# [Work instruction]
Below is a listing to repeat exactly, with its pictures left out.

# [Input data]
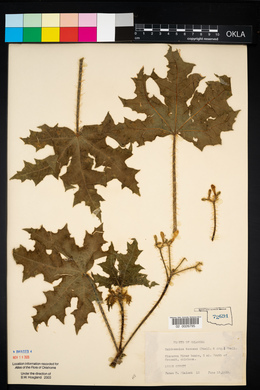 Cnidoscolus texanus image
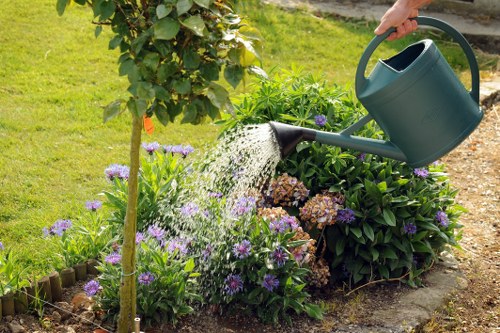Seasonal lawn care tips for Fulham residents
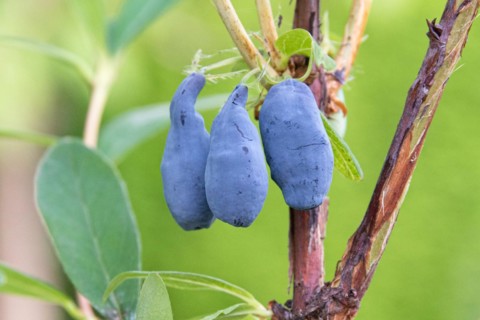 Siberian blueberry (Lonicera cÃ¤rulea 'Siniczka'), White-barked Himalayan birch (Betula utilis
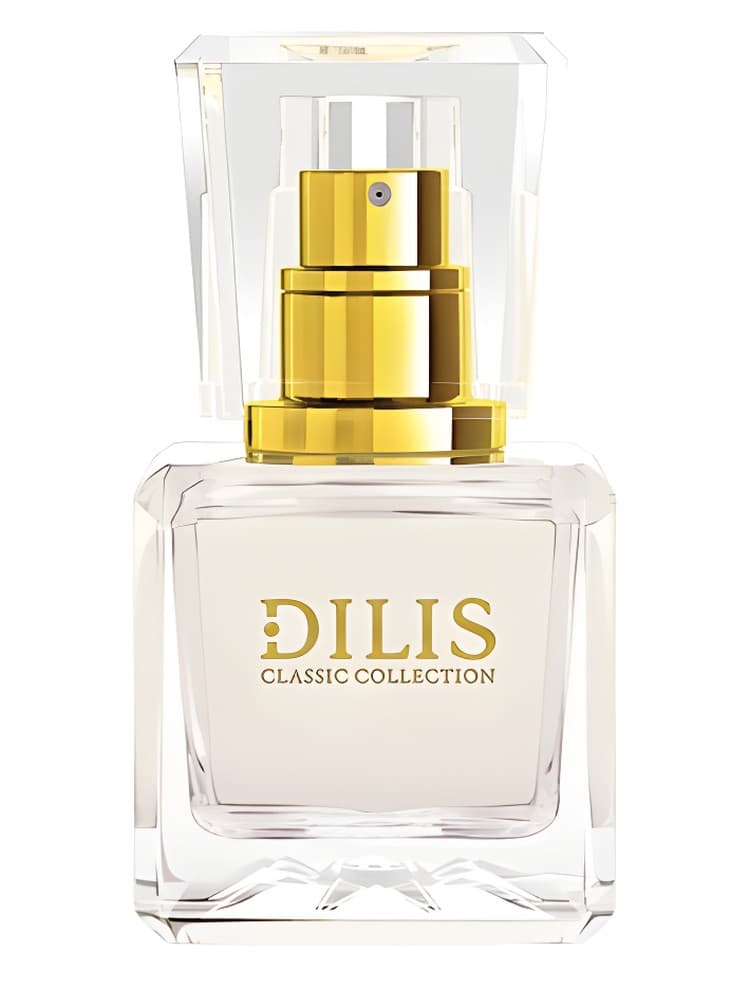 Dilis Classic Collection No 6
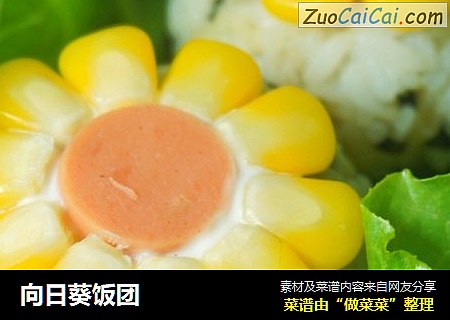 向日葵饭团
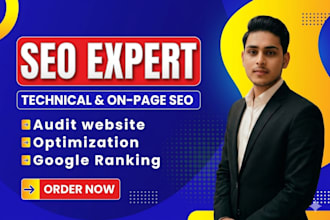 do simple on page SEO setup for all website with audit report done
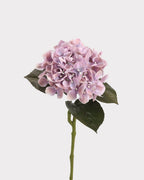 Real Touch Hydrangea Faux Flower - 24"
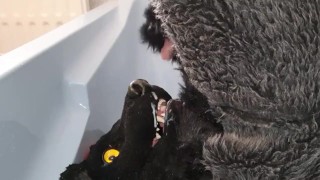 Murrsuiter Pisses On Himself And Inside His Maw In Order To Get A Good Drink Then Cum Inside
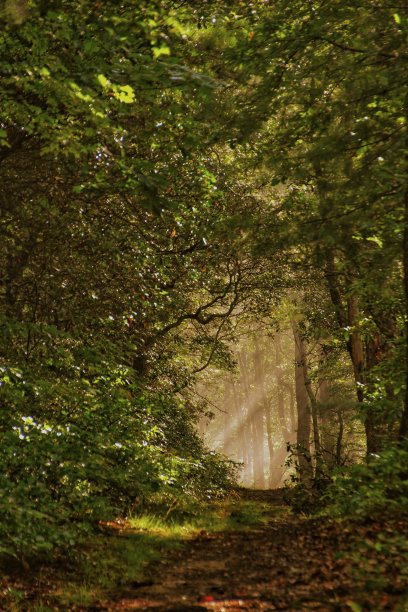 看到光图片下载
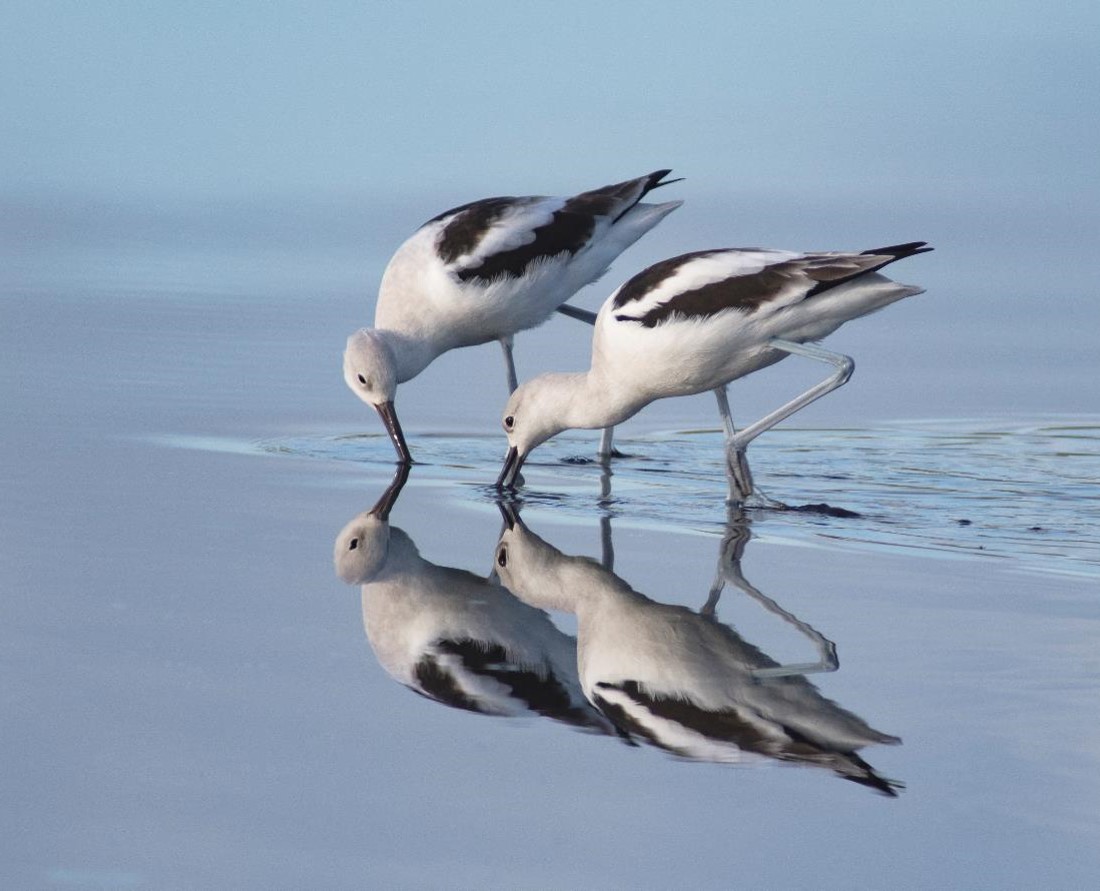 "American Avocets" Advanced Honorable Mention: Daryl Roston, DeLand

# [Exercise answer]
 Cnidoscolus texanus image
Seasonal lawn care tips for Fulham residents
 Siberian blueberry (Lonicera cÃ¤rulea 'Siniczka'), White-barked Himalayan birch (Betula utilis
 Dilis Classic Collection No 6
 向日葵饭团
 do simple on page SEO setup for all website with audit report done
 Real Touch Hydrangea Faux Flower - 24"
 Murrsuiter Pisses On Himself And Inside His Maw In Order To Get A Good Drink Then Cum Inside
 看到光图片下载
 "American Avocets" Advanced Honorable Mention: Daryl Roston, DeLand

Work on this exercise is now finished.